第十八話:獅子の巣
漆黒の宇宙空間。
神崎がいた「空」は、もはや足元を覆う蒼い球体となっていた。息を呑むほどの美しさ。だが、感傷に浸る時間は一瞬たりともない。
『神崎!聞こえるか!』
ヘッドセットから、ノイズ混じりのリオの声が響く。
『シグナルの残滓が、急速に減衰してる!座標ロックが消えるぞ!あと60秒だ!』
目の前で、空間の歪みの残滓が、風前の灯火のように明滅している。
神崎は、現実世界では初めて、クロノスの「感情OS」を起動させた。
「……分かってる」
彼は操縦桿を握りしめ、目を閉じた。
(思い出せ)
(アトラスの、あの冷たい蒼い瞳)
(セレンを奪われた、あの無力感)
(リオが腕を焼かれた、あの痛み)
(全てを奪われた、あの怒りを――!)
『アイギス!!』
神崎の憎悪と意志が、物理的な奔流となってシステムに流れ込む。
『感情パターン、ロックオン。跳躍座標、固定。』
コックピット内の計器が、緑色の光で満たされた。
『クロノス・ダイバー・ワン、これより、未知座標へ跳躍する!』
神崎はスロットルではなく、自らの精神のレバーを、限界まで叩き込んだ。
次の瞬間、世界が反転した。
視界が、七色の光の奔流に塗りつぶされる。肉体が、まるで粘土のように引き伸ばされ、原子レベルに分解されていくような、筆舌に尽くしがたい激痛と圧迫感。
F-15Jで経験した最大9Gの負荷など、子供の遊びだった。これは、物理的なGではない。存在そのものが別の次元へと捻じ曲げられる「時空のG」だ。
「ぐ……おぉぉぉぉッ!!」
シミュレーションで経験した負荷とは、比較にすらならない。
(耐えろ……!ここで意識を失えば、俺は永遠に時空の狭間を彷徨うことになる……!)
彼は、セレンの顔だけを、その一点だけを、暗闇の中で掴み続けた。
どれほどの時間が経ったのか。一瞬か、永遠か。
突如、全ての負荷が消え失せ、機体は凄まじい衝撃と共に、通常の空間へと「吐き出された」。
『警告!警告!機体制御不能!』
『熱暴走!』
『船体各所に異常ダメージ!』
クロノスは、コマのようにきりもみ回転しながら、未知の空間を漂流していた。
「……立て直せ、俺の翼!」
神崎は、失神寸前の意識を叩き起こし、必死に物理的な操縦桿を握り、逆噴射スラスターを焚いた。寄せ集めの機体が、悲鳴のようなきしみ音を上げる。

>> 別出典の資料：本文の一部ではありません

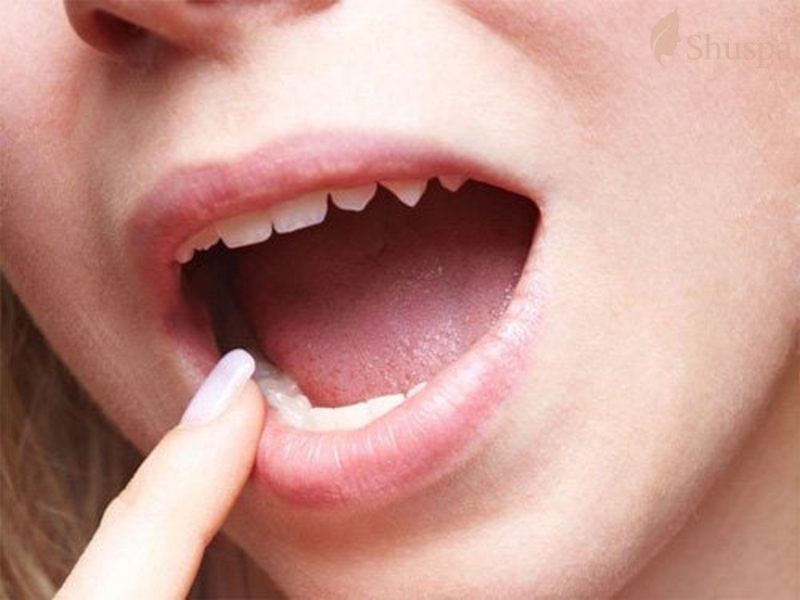 Một số lưu ý giúp phòng tránh mụn ở lưỡi cho mọi người tham khảo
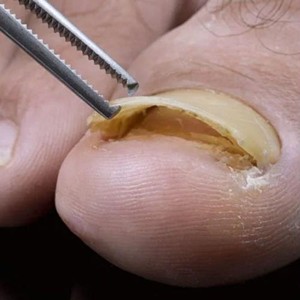 اونیکولیز ناخن 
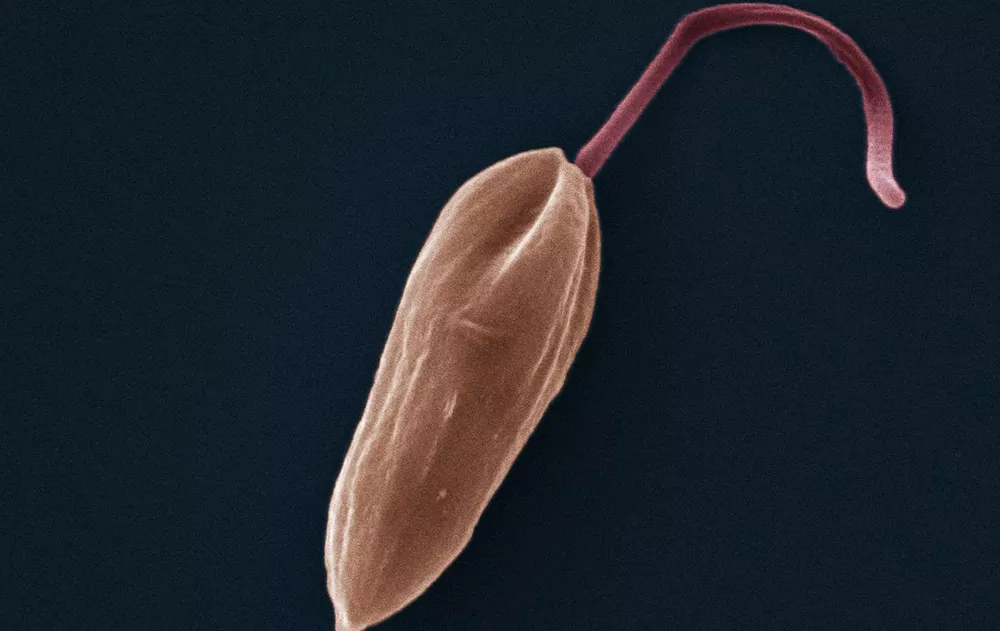 Organism under a microscope Kinetoplastids under a microscope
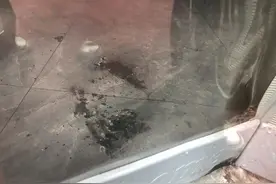 遭泼汽油烧伤女子曾帮男友还车贷，怕母亲担心，筹款时假称厨房着火图片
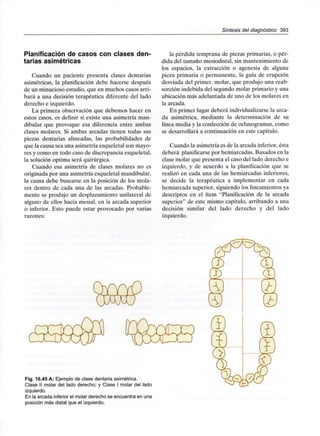 Síntesis del diagnóstico 393
Planificación de casos con clases den-
tarias asimétricas
Cuando un paciente presenta clases dentarias
asimétricas, la planificación debe hacerse después
de un minucioso estudio, que en muchos casos arri-
bará a una decisión terapéutica diferente del lado
derecho e izquierdo.
La primera observación que debemos hacer en
estos casos, es definir si existe una asimetría man-
dibular que provoque esa diferencia entre ambas
clases molares. Si ambas arcadas tienen todas sus
piezas dentarias alineadas, las probabilidades de
que la causa sea una asimetría esqueletal son mayo-
res y como en todo caso de discrepancia esqueletal,
la solución óptima será quirúrgica.
Cuando esa asimetría de clases molares no es
originada por una asimetría esqueletal mandibular,
la causa debe buscarse en la posición de los mola-
res dentro de cada una de las arcadas. Probable-
mente se produjo un desplazamiento unilateral de
alguno de ellos hacia mesial, en la arcada superior
o inferior. Esto puede estar provocado por varias
razones:
la pérdida temprana de piezas primarias, o pér-
dida del tamaño mesiodistal, sin mantenimiento de
los espacios, la extracción o agenesia de alguna
pieza primaria o permanente, la guía de erupción
desviada del primer, molar, que produjo una reab-
sorción indebida del segundo molar primario y una
ubicación más adelantada de uno de los molares en
la arcada.
En primer lugar deberá individualizarsela arca-
da asimétrica, mediante la determinación de su
línea media y la confección de oclusogramas, como
se desarrollará a continuación en este capítulo.
Cuando la asimetría es de la arcada inferior, ésta
deberá planificarsepor hemiarcadas. Basados en la
clase molar que presenta el caso del lado derecho e
izquierdo, y de acuerdo a la planificación que se
realizó en cada una de las hemiarcadas inferiores,
se decide la terapéutica a implementar en cada
hemiarcada superior, siguiendo los lineamientos ya
descriptos en el ítem "Planificación de la arcada
superior" de este mismo capítulo, arribando a una
decisión similar del lado derecho y del lado
izquierdo.
Fig. 16.45 A: Ejemplo de clase dentaria asimétrica.
Clase II molar del lado derecho; y Clase I molar del lado
izquierdo.
En la arcada inferior el molar derechose encuentraen una
posición más distal que el izquierdo.
 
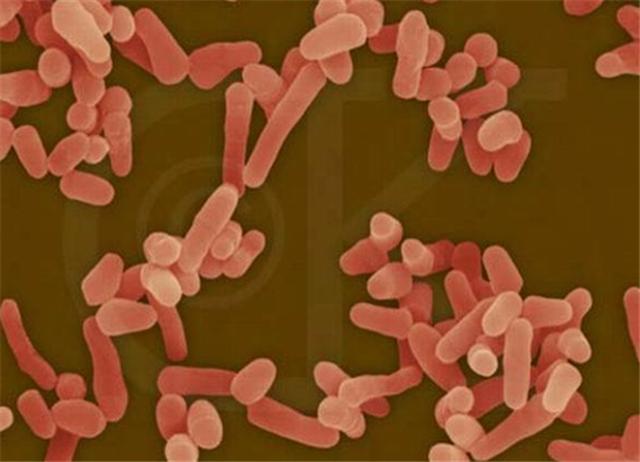 肺结核合并肺癌可以化疗吗,肺结核治疗需要化疗吗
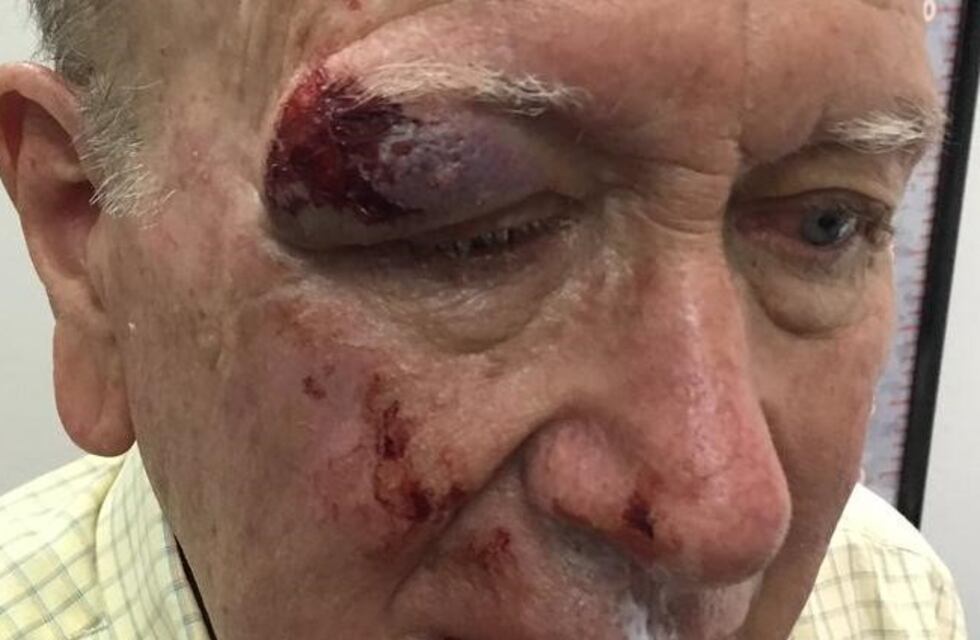 Tiene 87 años y lo desfiguraron por robarle $500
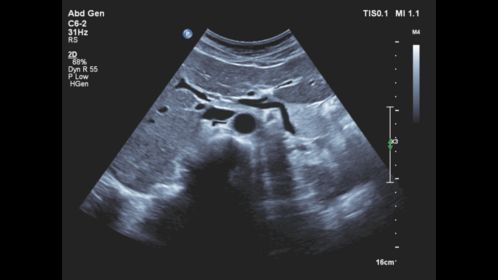 Affiniti 30 ultrasound clinical image abdominal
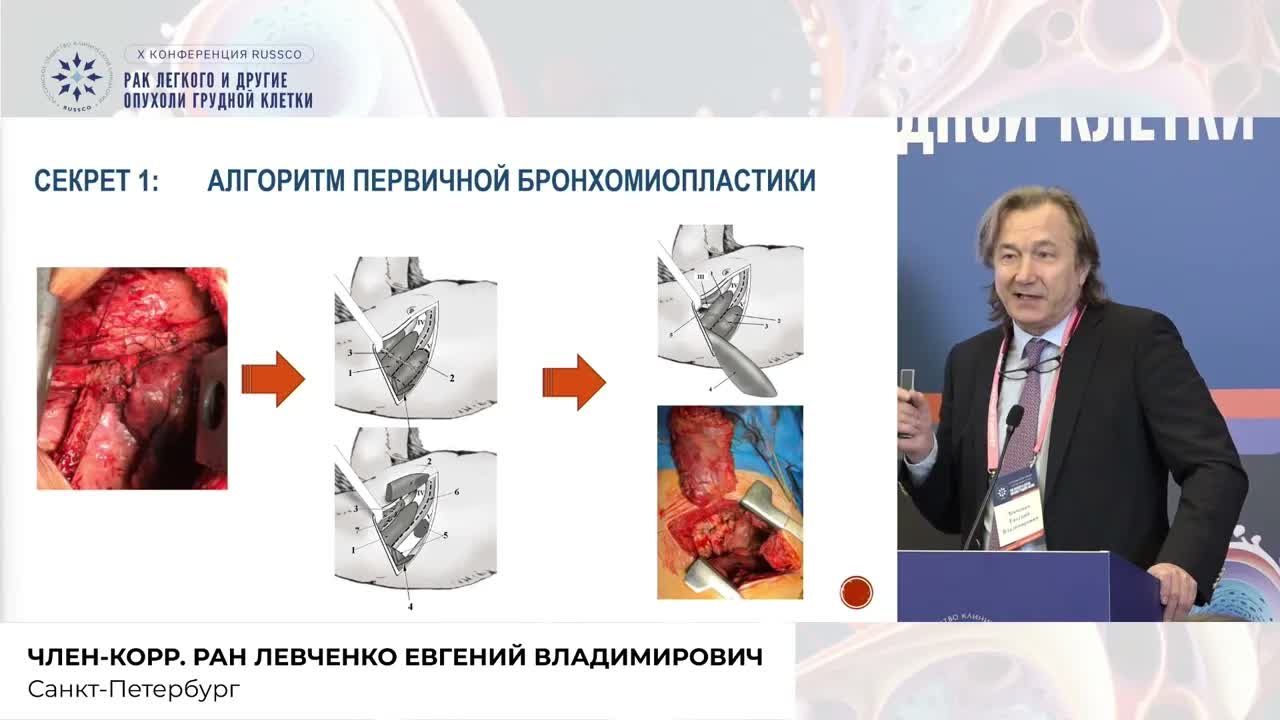 Секреты бронхопластики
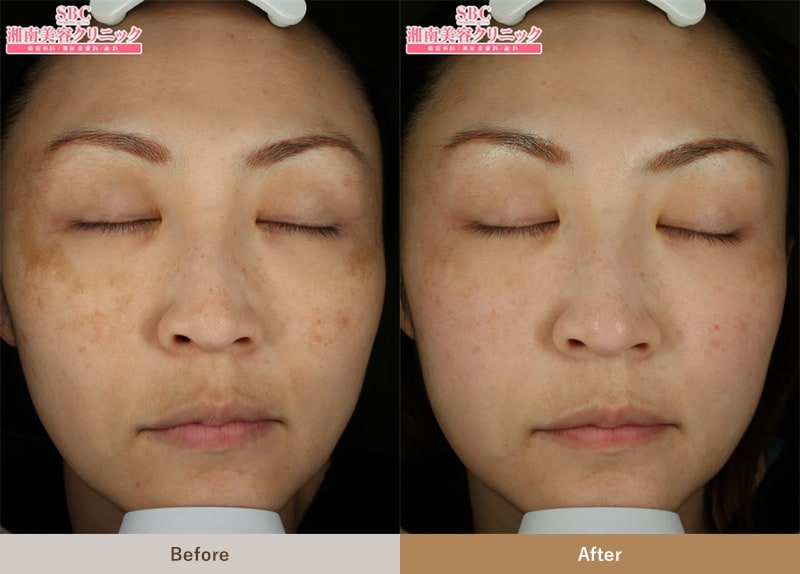 美容内服治療による肝斑治療の症例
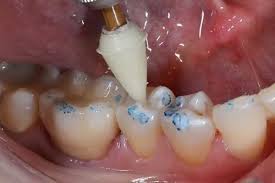 Image result for Occlusal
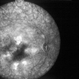 AMPPE Fluorescein Angiogram late AMPPE Fluorescein Angiogram late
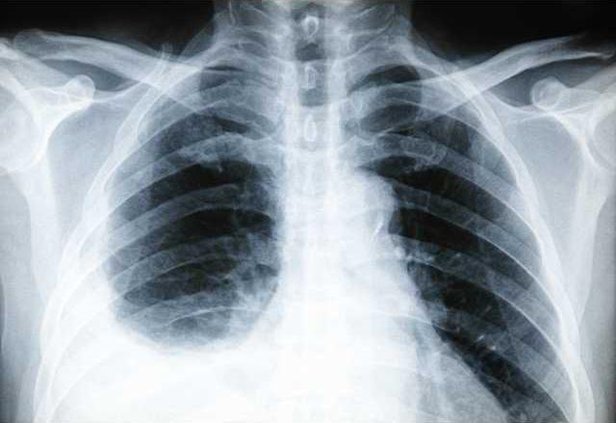 aafd226cd0b78e0aa11151a5aaf61a028e77e57f16e5c0abc26b2fa80096cb38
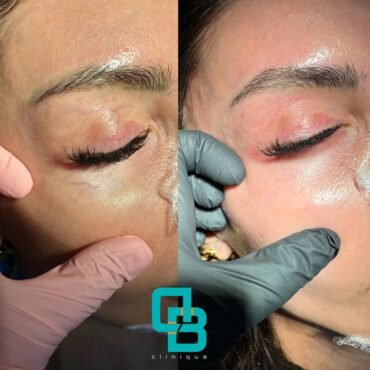 Laser vascular telangiectazii la nivelul cearcanelor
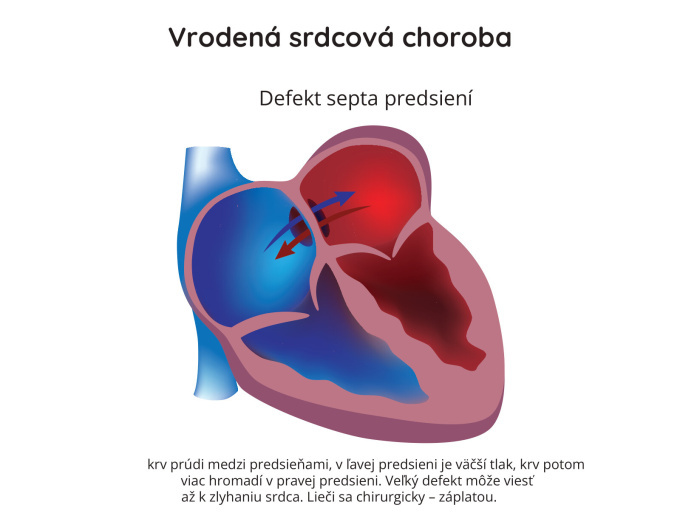Defekt predsieňovej priehradky (ASD)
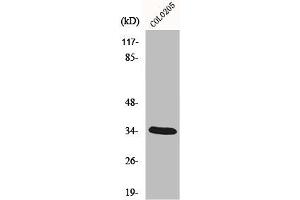 Western Blot analysis of COLO205 cells using MOX-2 Polyclonal Antibody (MEOX2 anticorps  (Internal Region))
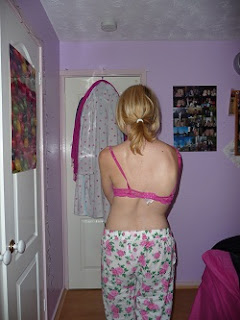 scoliosis photo before scoliosis surgery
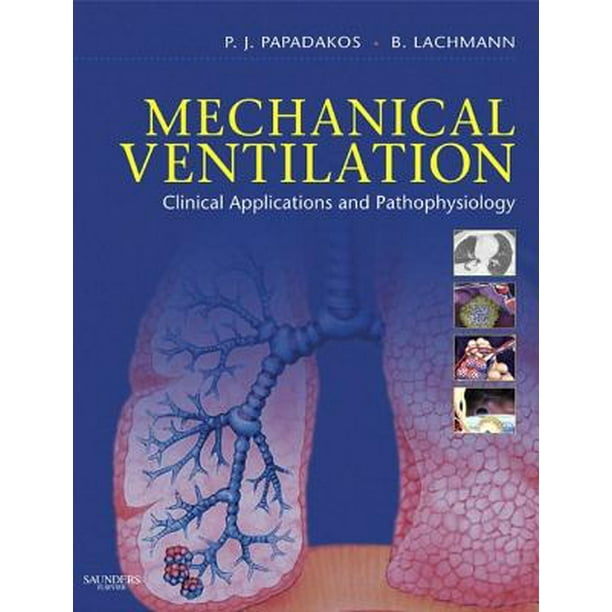 Mechanical Ventilation EBook eBook
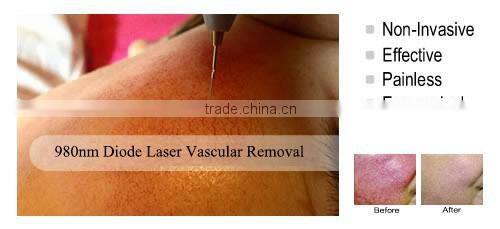 New 980nm RBS Vascular Therapy Red Spider Veins Removal Machine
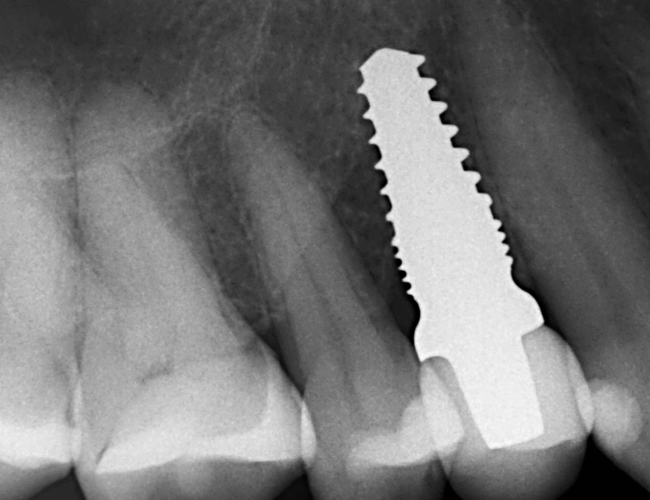 Same Day Crown Implant Set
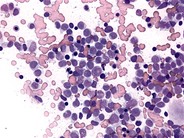 Chronic Myelomonocytic Leukemia - 4.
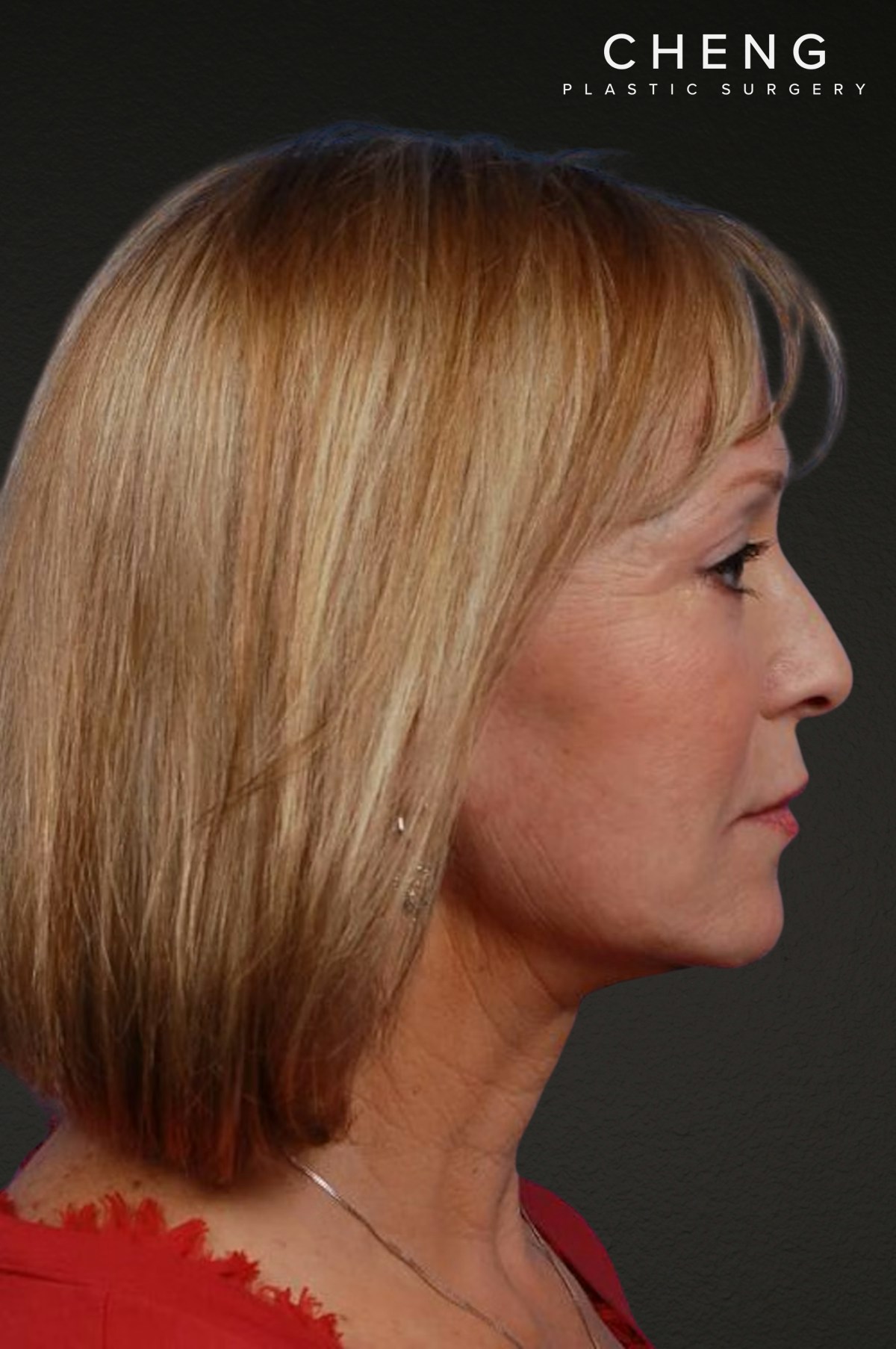 Facelift Before & After Gallery - Patient 423612 - Image 4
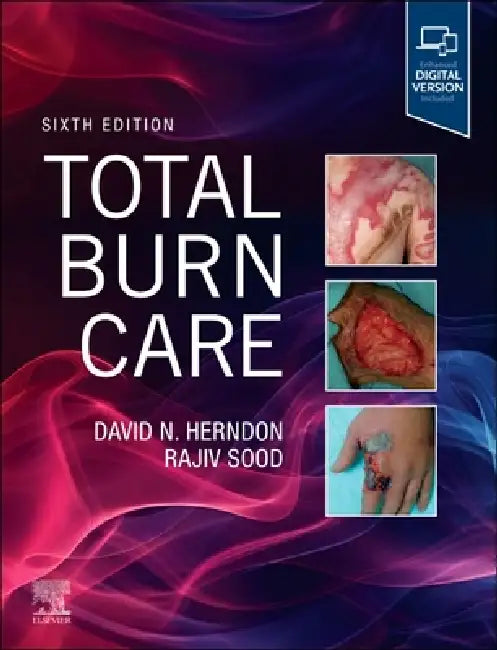 Total Burn Care by David Herndon, Rajiv Sood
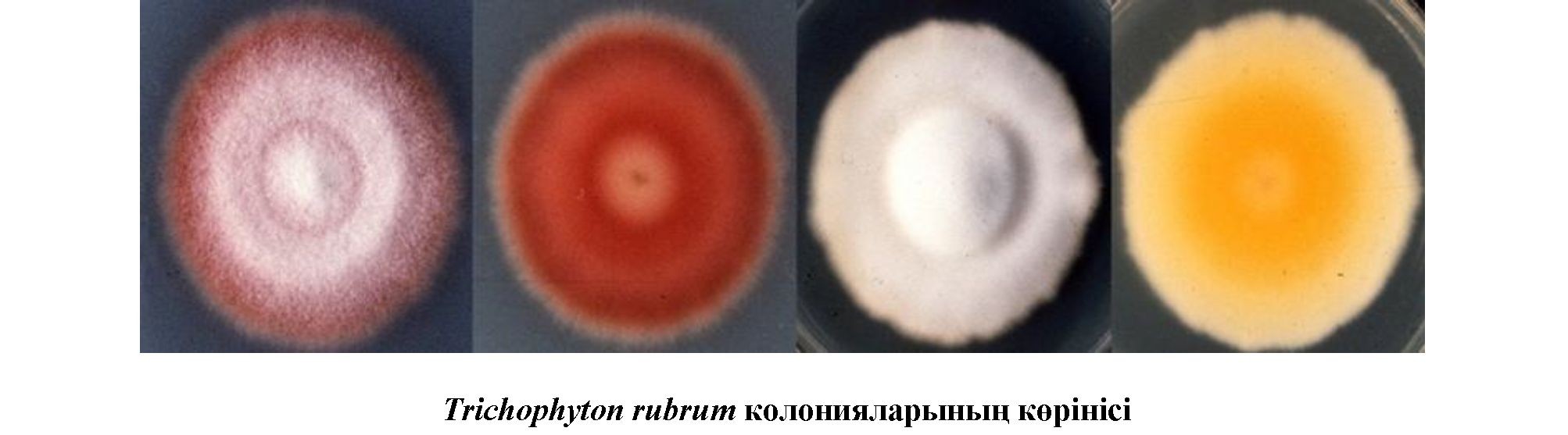 Trichophyton rubrum саңырауқұлақтарының морфо-физиологиялық ерекшеліктері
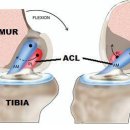 전방십자인대 파열 부상 주의... 이미지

数分間にわたる死闘の末、クロノOSは、ようやくその回転を止め、静止した。
神崎は、荒い息を繰り返しながら、キャノピーの外に広がる光景に、言葉を失った。
そこは、地球の軌道上ではなかった。
蒼い星はない。
代わりに彼の目の前に広がっていたのは、悪夢のような光景だった。
無数の、巨大な円筒形のスペースコロニー。
それらを連結するように張り巡らされた、エネルギーライン。
そして、それらを守護するように浮かぶ、数百、いや数千はあろうかという、銀色に輝くアイギスの艦隊。
ジオ・フロンティアのような「地下都市」ではない。
ここは、人類が宇宙に築き上げた、巨大な軍事要塞都市。
星系そのものを支配する、圧倒的な文明の巣。
「……ここが、アイギス・フロンティア……」
絶望的なまでの、物量と技術力の差。
その時だった。
神崎が、この世界を観測した、そのコンマ1秒後。
コックピット内に、これまで聞いたことのない、甲高い警告音が鳴り響いた。
『警告。未登録の時空シグナルを感知』
『アイギス防衛網、レベル・アルファ発動』
『目標、クロノス・ダイバー。……捕獲を開始する』
神崎の目の前の空間に、突如として数十機のアイギスの銀色の機体がワープアウトしてきた。
彼らは、クロノスを完璧な包囲網の中に閉じ込める。
逃げ場は、ない。
「……獅子の巣の、ど真ん中か」
神崎は、自嘲的な笑みを浮かべた。
だが、その瞳に宿る闘志の火は、一瞬たりとも消えてはいなかった。
「上等だ。派手に歓迎してくれよ、未来人ども……!」
彼は操縦桿を握り直し、怒りの翼のエンジンを、再び点火した。
故郷(地球)から、何万光年離れているかも分からない宙域で。
一人の旧人類と、未来の超文明との、孤独な戦いが始まろうとしていた。